Mi piace pensare che Gesù sia tornato dai suoi amici che con lui avevano condiviso gioie e fatiche della sua missione, che non abbia voluto lasciarli da soli e li abbia costituiti insieme come comunità di fratelli per testimoniare a tutti il suo Lieto Annuncio (EU-ANGELOS) donandogli il Suo Spirito e benedicendoli. È molto bello quello che dice e fa: “sono proprio io!” (Luca 24,39), si fa conoscere, non ha paura a farsi vedere crocifisso e risorto e torni a condividere tutta la vita normale e concreta, perché anche loro facciano poi lo stesso! Ha preso del pane e ha mangiato, ha mostrato loro i suoi piedi e le sue mani, segnate dai chiodi.
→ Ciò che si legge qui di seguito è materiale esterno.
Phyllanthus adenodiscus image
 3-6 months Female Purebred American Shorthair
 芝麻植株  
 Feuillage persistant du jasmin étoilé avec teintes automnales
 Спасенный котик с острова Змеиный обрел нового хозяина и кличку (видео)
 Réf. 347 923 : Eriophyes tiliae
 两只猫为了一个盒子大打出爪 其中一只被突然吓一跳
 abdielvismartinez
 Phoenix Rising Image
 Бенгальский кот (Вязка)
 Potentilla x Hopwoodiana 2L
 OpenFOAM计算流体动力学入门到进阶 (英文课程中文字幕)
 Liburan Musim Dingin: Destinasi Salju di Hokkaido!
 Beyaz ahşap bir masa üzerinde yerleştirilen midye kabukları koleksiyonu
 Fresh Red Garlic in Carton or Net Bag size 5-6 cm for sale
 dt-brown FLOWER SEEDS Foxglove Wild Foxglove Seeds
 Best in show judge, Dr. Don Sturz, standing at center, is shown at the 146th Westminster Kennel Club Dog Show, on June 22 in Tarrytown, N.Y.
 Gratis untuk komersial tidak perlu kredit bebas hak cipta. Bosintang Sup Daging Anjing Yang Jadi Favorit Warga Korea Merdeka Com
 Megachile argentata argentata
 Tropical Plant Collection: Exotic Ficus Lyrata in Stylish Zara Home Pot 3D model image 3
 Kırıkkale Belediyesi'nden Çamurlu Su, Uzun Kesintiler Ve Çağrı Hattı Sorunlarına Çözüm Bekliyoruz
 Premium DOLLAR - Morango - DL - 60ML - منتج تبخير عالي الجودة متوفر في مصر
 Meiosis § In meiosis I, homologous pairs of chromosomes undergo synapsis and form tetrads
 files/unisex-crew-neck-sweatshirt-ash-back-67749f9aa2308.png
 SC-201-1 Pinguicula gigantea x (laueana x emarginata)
Ora anche noi possiamo tornare a vedere la nostra vita con uno Spirito nuovo, la nostra stessa vita piena di ferite e difficoltà, animata ora dalla fede, in vista di una pienezza sperimentata e anticipata da Gesù, ma promessa anche a noi! Prepariamoci in questi ultimi giorni prima della Pentecoste! Affidiamoci allo Spirito di Cristo Risorto!